Every activity whether it is cooking, serving, cleaning up, gardening, repairing et al is shared by every child and teacher. The teacher child ratio is 1: 6. As far as the index of happiness is considered – it is higher than I have seen in any school.
A dark, cold night, a room on a hill shrouded in darkness, ensconced in the midst of nature – raw and untamed, a group of kids – wide eyed, holding their breath in anticipation, six candles lighting up the room, shadows playing hide and seek and standing in the middle Ramen the raconteur – a perfect ambience for a ghost story!
And that night of 11th September I spun a clutch of spooky yarns and the students and teachers of Sholai School hung on to every word and gesture with sublime attention. While the little ones hunted for laps to melt into and shoulders to lean on, their seniors wanted me to raise the bar (of spookiness) with each passing tale.
My wife Madhavi and I had arrived at the sylvan Sholai School, which is around 18 kms from Kodaikanal, the previous evening and were accorded a rousing welcome by the dapper and ever smiling Mr.

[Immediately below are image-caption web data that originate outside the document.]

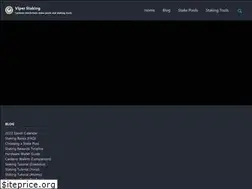 Sites similar to viperstaking.com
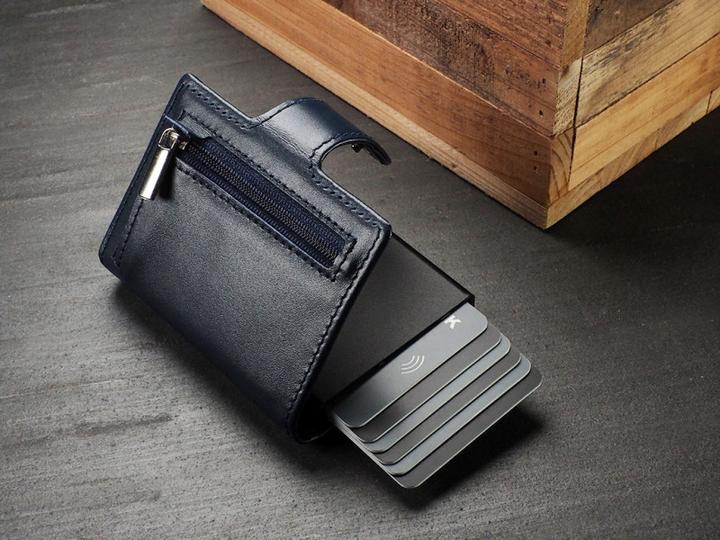 Produktbild Pularys Wallet SOHO ZIP Kreditkartenetui
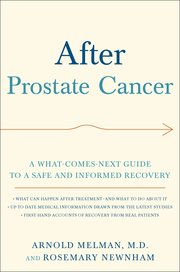 Cover for 

After Prostate Cancer







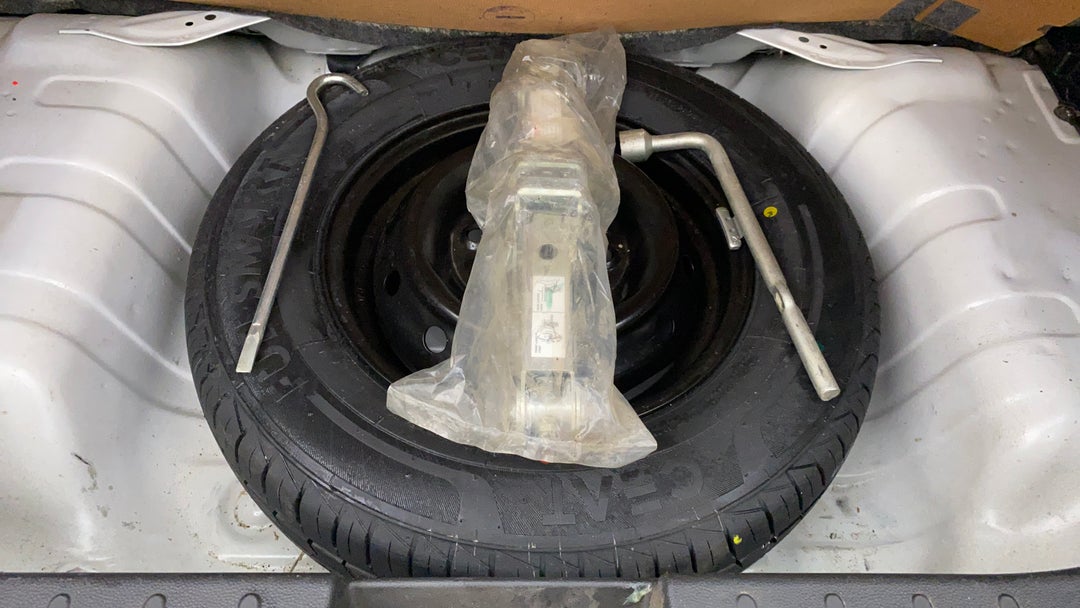 Spare Tyre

Hemant, the Administrator of the institution.
Sholai School is best defined by the acronym CLOOAT (Centre for Learning, Organic Agriculture and Appropriate Technology). It has adopted the practice of rain water harvesting and electrification by solar electric panels. It has an organic farm, micro hydro-electric plants, bio gas plants, compost pits and a wind generator. The objective of the school is to provide holistic education and achieve a balance between academic and environmental concerns.

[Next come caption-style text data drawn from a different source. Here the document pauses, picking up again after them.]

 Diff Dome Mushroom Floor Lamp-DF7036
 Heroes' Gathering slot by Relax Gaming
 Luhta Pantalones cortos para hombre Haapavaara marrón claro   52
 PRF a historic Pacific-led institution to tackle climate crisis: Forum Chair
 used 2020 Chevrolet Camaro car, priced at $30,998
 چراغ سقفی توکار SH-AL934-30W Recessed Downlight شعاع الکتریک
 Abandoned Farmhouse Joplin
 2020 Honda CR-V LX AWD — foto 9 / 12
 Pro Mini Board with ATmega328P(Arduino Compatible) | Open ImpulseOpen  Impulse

Sholai, which means tropical evergreen forests, was established in 1989 by Mr. Brian Jenkins who is British by birth. Mr. Jenkins is continuing in his role of a principal, guru, mentor and father figure and is respected and adored by everyone on the campus.
Madhavi and I spent four days – 96 odd hours of exciting, captivating and fun filled moments. Our guest room was 200 metres from the dining hall and our first walk at night to bridge this distance will remain etched in my memory. It was pitch dark and we had to negotiate a slender, emaciated path through thick undergrowth armed with a solar lantern. The sounds of the jungle, the shimmering fireflies lighting up the inky blackness and the sense of being alone in near silent communion with nature – it was a fantastic feeling.
The class rooms are perched on hill tops and are linked by a bridge over a river which has the reputation of breaching its boundaries at the slightest pretext. The bridge, which looked straight out of Nat Geo, had been built by the students.
My book Effective Parenting: A New Paradigm had been released a few days back and I had spent a couple of sessions interacting with the parents. As I watched the kids and their teachers in action I was filled with a huge sense of déjà vu. I had talked in my book about Five Pillars of Sharing, Caring, Fun and Joy, Healthy Living and Invaluable Values. Each of these facets of effective parenting are being followed at Sholai and with great results.
Every activity whether it is cooking, serving, cleaning up, gardening, repairing et al is shared by every child and teacher. The teacher child ratio is 1: 6. What better example of a perfect care quotient can you get? As far as the index of happiness is considered – it is higher than I have seen in any school. I spoke to children of all ages and from different backgrounds they were happy and were enjoying each moment. Sholai school encourages sports and I was delighted to watch a very different game of football in progress. This was the first time I actually saw girls and boys playing together – head to head and foot to foot!
As far as values are concerned the school offers a veritable bouquet. It has children from across the country and beyond, living in perfect synergy with each other and with nature. Dignity of labour is a credo which is an integral part of every child’s activity. Trust and togetherness, camaraderie and companionship, enterprise and innovation and complete absence of competition, Sholai has all this and more.
I conducted creative writing workshops and storytelling sessions. The kids participated with gusto, unleashing their creativity to my utter delight. The evening before I left I had the last round of storytelling which ended with a song by Madhavi and a dance by me! Slips of paper with the responses of the bright minds and pristine hearts were handed over to me and I kept them carefully like nuggets of gold.
Finally as I bid the Sholai scholars goodbye in their dining hall there was a clamour : “Mantra, Sir!”
Within a few seconds every kid and every teacher had joined me and the hall exploded with yells and shouts and collage of vibrant moves.
A clamour for autographs followed and I happily signed the books, feeling like a rock star in more ways than one.
As we made our way back after a round of hi-fives, hugs, smiles, sniffles and misty eyes I couldn’t help feeling that the success of Sholai vindicates my own paradigm of bringing up kids.